The deal on the top government posts brings together Shiites, Sunnis and Kurds in a power-sharing arrangement that could help forestall a slide back into Shiite-Sunni bloodshed that raged after the 2003 US-led invasion which ousted Sunni dictator Saddam Hussein.
Sunnis might have reacted with widespread anger had the Sunni-backed Iraqiya alliance of former Prime Minister Iyad Allawi been totally excluded from government.
Some may still feel cheated of power because of Maliki’s expected return as prime minister.
The deal will see Kurd Jalal Talabani retain the presidency and give a top Sunni politician from Allawi’s bloc the speaker post in parliament and other Iraqiya members cabinet jobs. Allawi himself will head a council of strategic policies.
“Thank God last night we made a big achievement, which is considered a victory for all Iraqis,” Kurdish regional president Masoud Barzani said at a news conference.
OPEC producer Iraq, trying to rebuild its oil industry after decades of war and economic sanctions and to quell a stubborn Sunni Islamist insurgency, has been without a new government since a March 7 election that failed to produce a clear winner.
“The most important issue now is that we are out of the bottleneck,” said Amer Al-Fayyadh, the dean of political science at Baghdad University.
“The formation of a government is now in sight.”
Lawmakers were scheduled to meet later on Thursday in only the second parliamentary session since the election and should pick a speaker, the next step toward a new government.
But in a harbinger of potential hurdles still to come, Iraqiya officials said the bloc had not agreed on a candidate by midday and there was internal squabbling over the nominee.
Allawi pushed hard to displace Maliki as prime minister after Iraqiya won two more seats than Maliki’s coalition in the vote.
Allawi has said repeatedly that Sunni anger might have reinvigorated a weakened but still deadly insurgency had his alliance been sidelined.

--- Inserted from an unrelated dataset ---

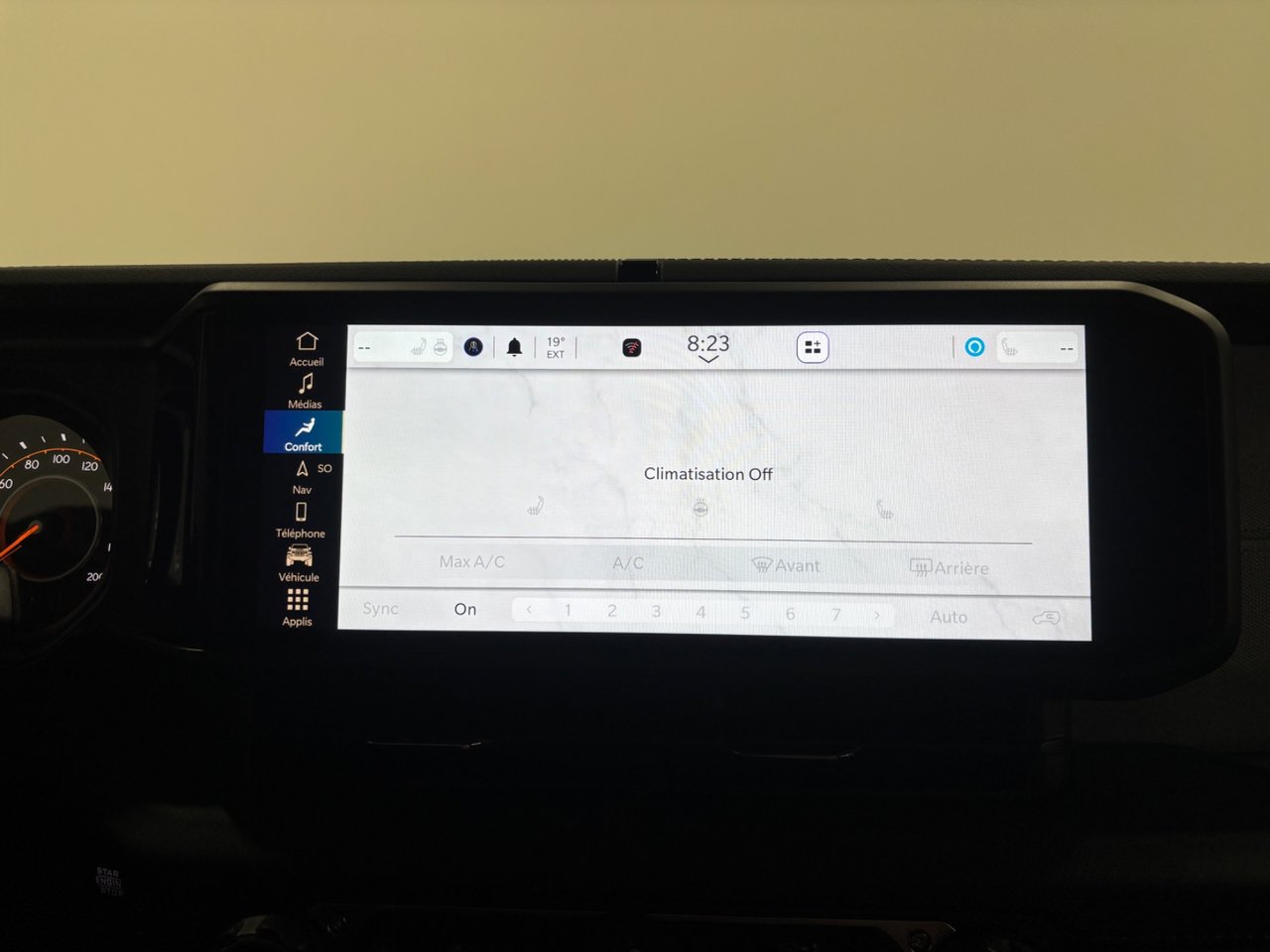 Jeep Wrangler 4-Door SAHARA 2024-21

Parliament was due to meet at 3 p.m. (1200 GMT), outgoing Deputy Prime Minister Ross Noor Shawis said on Wednesday.
Its first task will be to elect a speaker and two deputies. It must then pick a president who in turn nominates a prime minister from the largest bloc, who is given 30 days to form a government.
The division of the top posts along ethnosectarian lines was a reflection of the sharp divisions that define Iraq after more than seven years of warfare unleashed by the US invasion.
Washington formally ended combat in August but 50,000 US troops remain to advise and assist the nascent army and police ahead of a full withdrawal next year.
Overall violence has fallen sharply since the height of sectarian slaughter in 2006/07, but assassinations and bombings still occur many times a day, followed every few weeks by a major, devastating assault by insurgents in which dozens die.
Tensions mounted as Maliki and Allawi wrestled over power. Rockets and mortars were fired regularly at Baghdad’s fortified Green Zone district of government offices in the past few days, and insurgents killed dozens in an attack on a Catholic church and on Shiite areas of the capital.
Maliki’s return to office will likely enrage Sunni hard-liners, who abhor what they see as Iran’s influence over Iraq’s Shiite leaders and his Islamist background, and Sunni Islamist insurgents, who view Shiites as apostates.
While Iraq’s political squabbles and continuing violence has unsettled some foreign investors, global oil majors are working to crank up production in Iraq’s vast oilfields.
Officials hope to lift production capacity to 12 million barrels per day from the current 2.5 million, vaulting Iraq into the top echelon of world producers.